C'est valable aussi bien pour aller pêcher à 100 m de la plage sur un engin de plage, que pour entreprendre une traversée océanique.
Pour l'eau, je suppose qu'il est possible si on dispose d'une bache de faire évaporer un peu d'eau de mer, et ainsi de la désaliniser ?
Florent
Cela me parait difficile sur un petit bateau balloté sans cesse par la houle ou le clapot.
Je n'ai pas trouvé de recherche ni d'étude, encore moins d'expérience, plus récentes que celles d'Alain Bombard, il y a plus de 60 ans. En me basant donc sur ces études, il y a trois moyens pour combattre la soif. En premier : se préparer à recueillir l'eau de pluie. Deuxième : l'eau contenue dans la chair de poisson, Bombard pêchait 4 à 5 kg de poisson par jour dont seulement 1.5 pour la nourriture, le reste uniquement pour l'eau contenue. Enfin : on peut boire uniquement de l'eau de mer - en petite quantité - pendant 6 jours d’affilée, mais à condition de se "rincer" l'organisme à l'eau douce ensuite. Ainsi, on a au moins six jours, plus s'il pleut, pour organiser la pêche.

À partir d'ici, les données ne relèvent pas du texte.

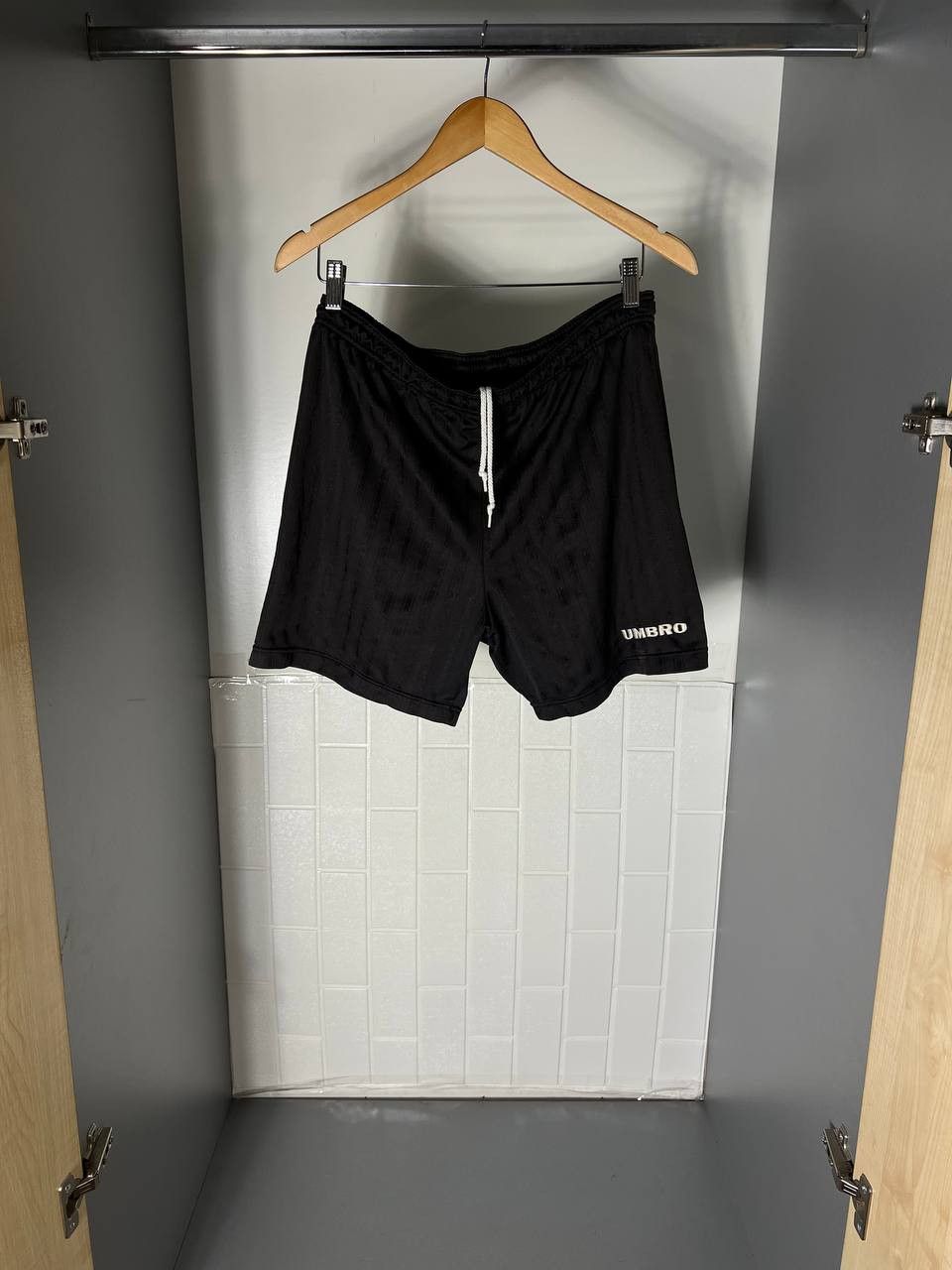 Umbro VINTAGE UMBRO ENGLAND RETRO SOCCER SHORTS MANCHESTER Y2K 90s Size US M / EU 48-50 / 2 - 2 Thumbnail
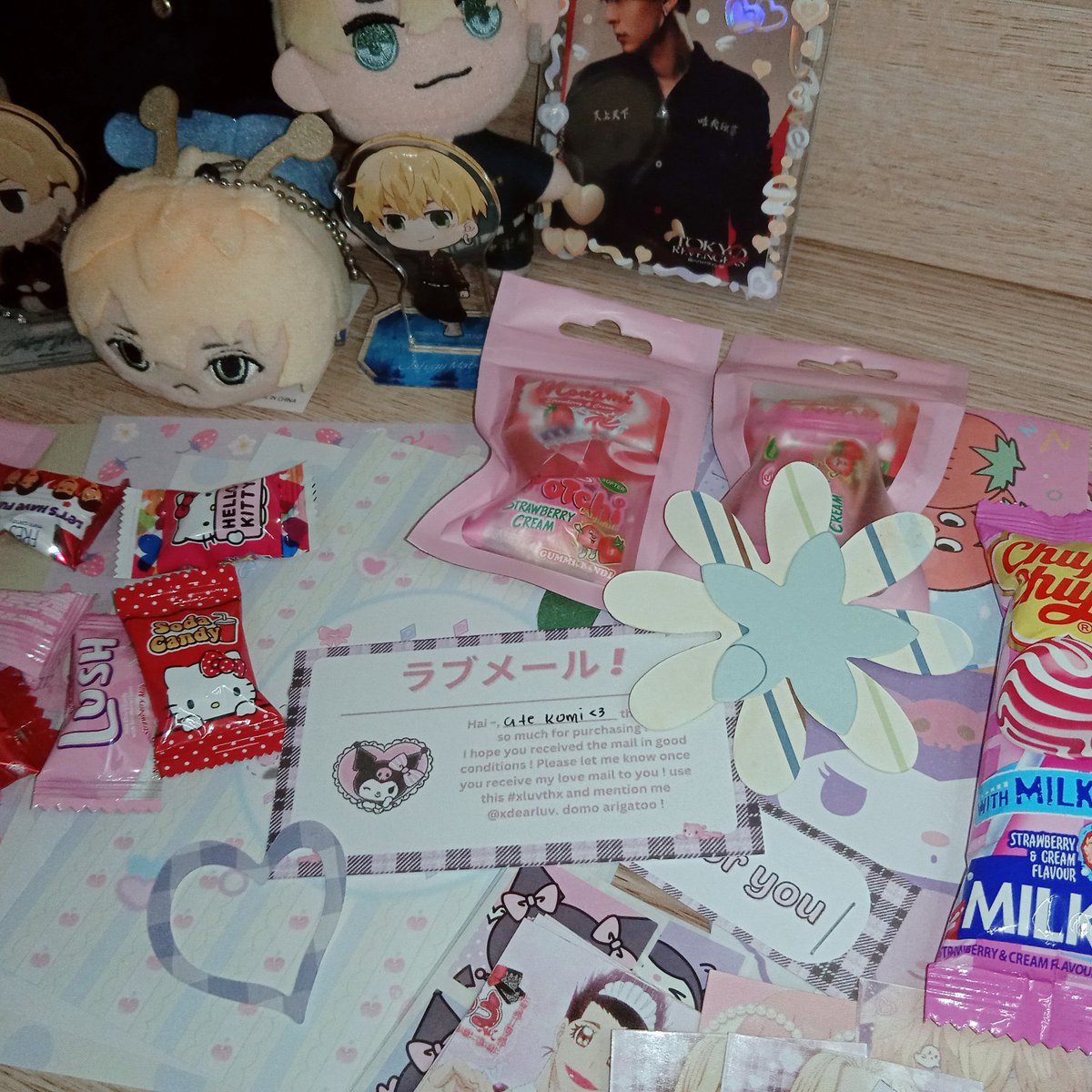 heartsfuyu's tweet photo. ㅤㅤㅤ  
ㅤㅤㅤ   「 † #fu_mails！」
ㅤㅤㅤㅤㅤㅤㅤ  ✰ 
ㅤㅤ   ✫・゜ #xluvthx

💌 : finally, emma 6baji haver <3333 thank u for bringing these pretty pocas home, @xdearluv ! salamat din sa freebies na may kaunting pocas hehe. ‘til our next one po~ https://t.co/PAxgwMoAfn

Coté nourriture, Bombard se nourrissait donc de poisson et aussi d'un peu de plancton (l'équivalent de deux cuillerées par jour).
A l'arrivée, il ne souffrait d'aucune autre carence qu'un amaigrissement et une anémie sévères qu'il attribue au manque de glucides.
Je suis très intéressé par la survie à long terme au large. Si quelqu'un connait des sources plus récentes ou complétant les recherches d'Alain Bombard, je suis preneur.